## ENTRIES SHOWN
Segment Open
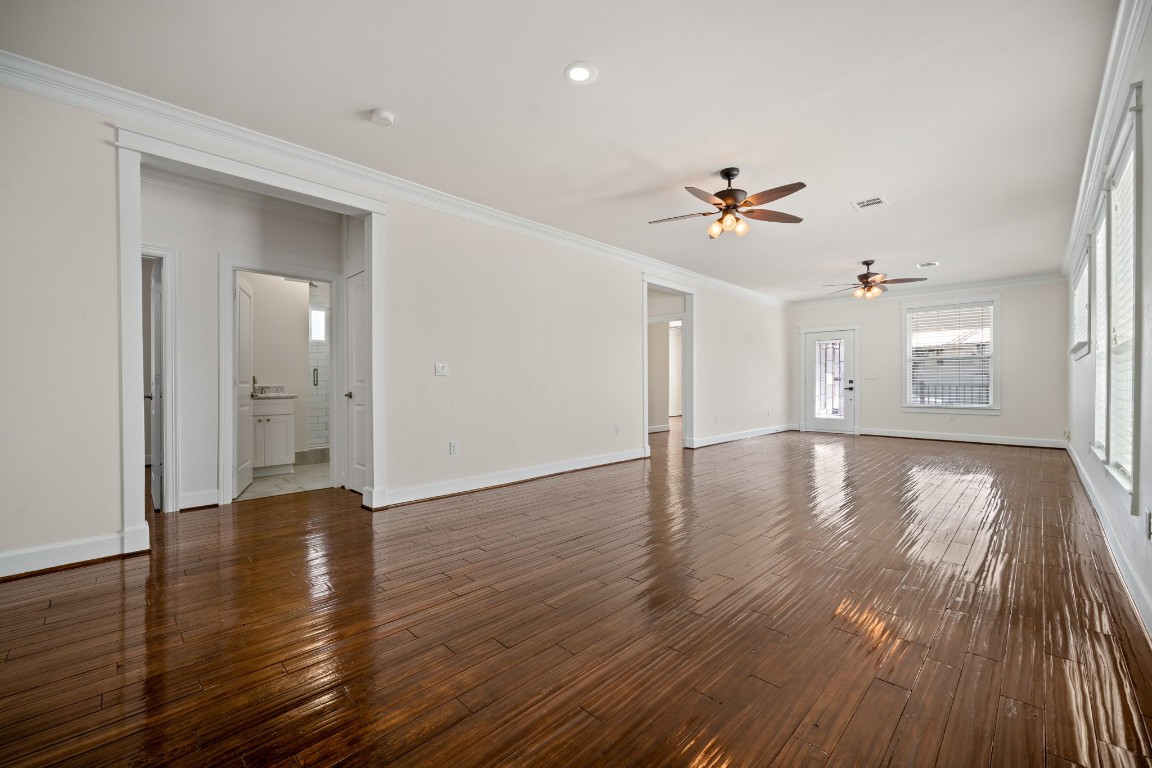 110 Kendall Street Houston, TX 77003 - Photo 11 of 36 an empty room with wooden floor chandelier fan and windows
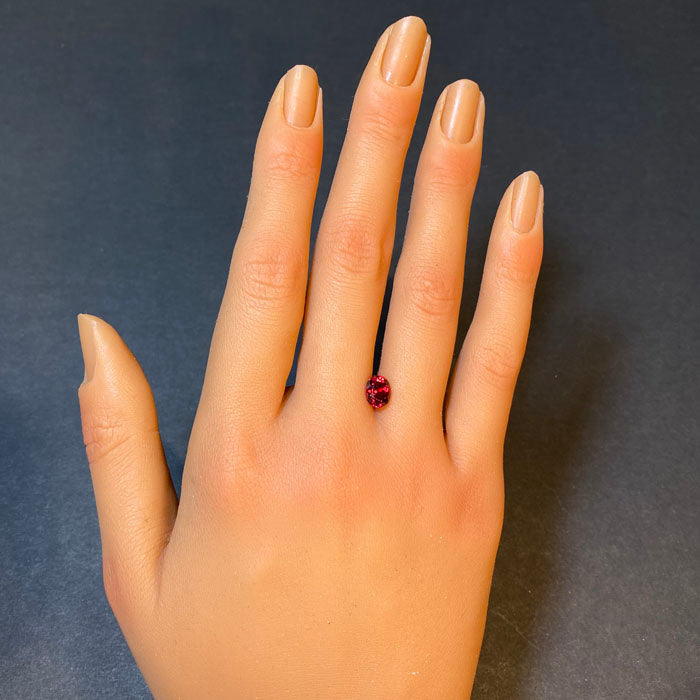 oval cut spinel gemstone orange red
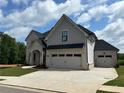 New two-story home featuring a two-car garage, concrete driveway, and manicured lawn at 4201 Hosch Reserve Dr, Buford, GA 30519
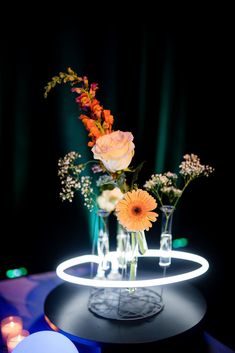 vases filled with flowers sitting on top of a table next to candles and lights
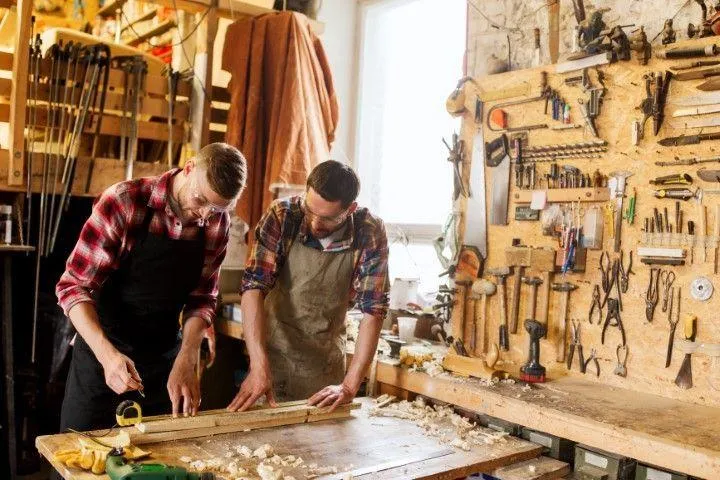 Two carpenters collaborate at a workbench with a detailed pegboard wall, showcasing Custom Carpentry Creations in Clovis.
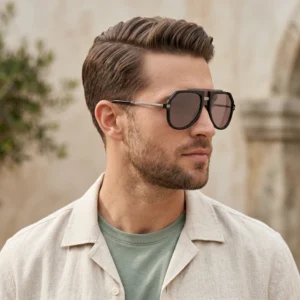 Close-up of a man wearing oversized black sunglasses and a beige linen shirt over a green T-shirt, outdoors with a blurred background.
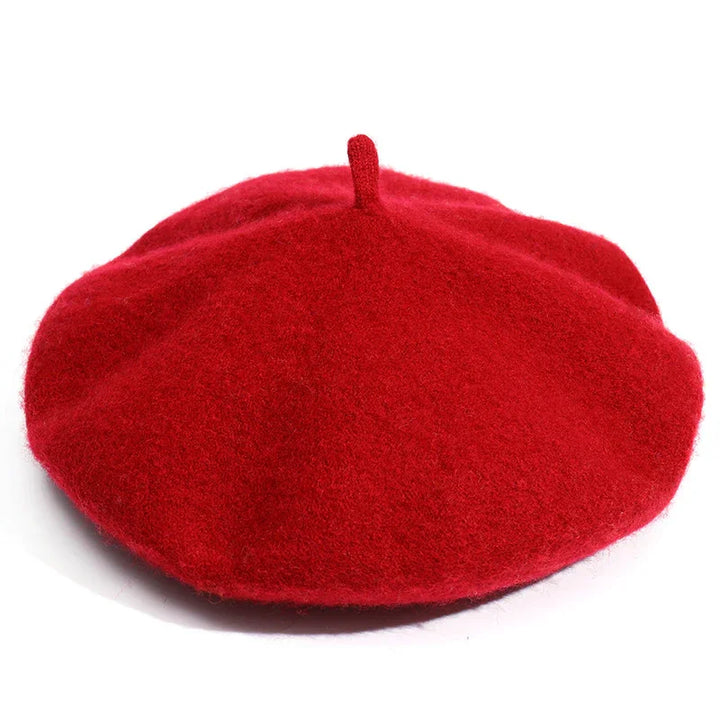 Classic red wool beret hat with top stem on white background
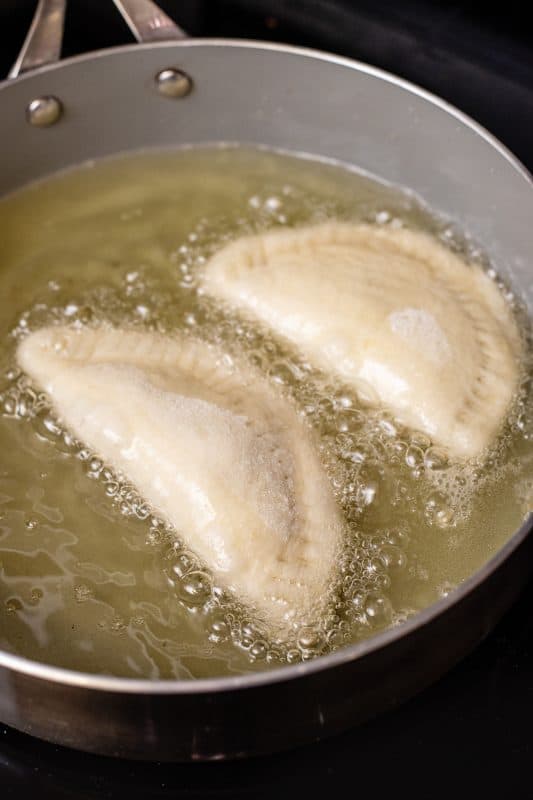 Frying pies in a skillet filled with oil.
Segment Closed
## WORK TO BE COMPLETED
Restate the entries above word for word, minus the pictures.

## RESPONSE AREA
 110 Kendall Street Houston, TX 77003 - Photo 11 of 36 an empty room with wooden floor chandelier fan and windows
 oval cut spinel gemstone orange red
 New two-story home featuring a two-car garage, concrete driveway, and manicured lawn at 4201 Hosch Reserve Dr, Buford, GA 30519
 vases filled with flowers sitting on top of a table next to candles and lights
 Two carpenters collaborate at a workbench with a detailed pegboard wall, showcasing Custom Carpentry Creations in Clovis.
 Close-up of a man wearing oversized black sunglasses and a beige linen shirt over a green T-shirt, outdoors with a blurred background.
 Classic red wool beret hat with top stem on white background
 Frying pies in a skillet filled with oil.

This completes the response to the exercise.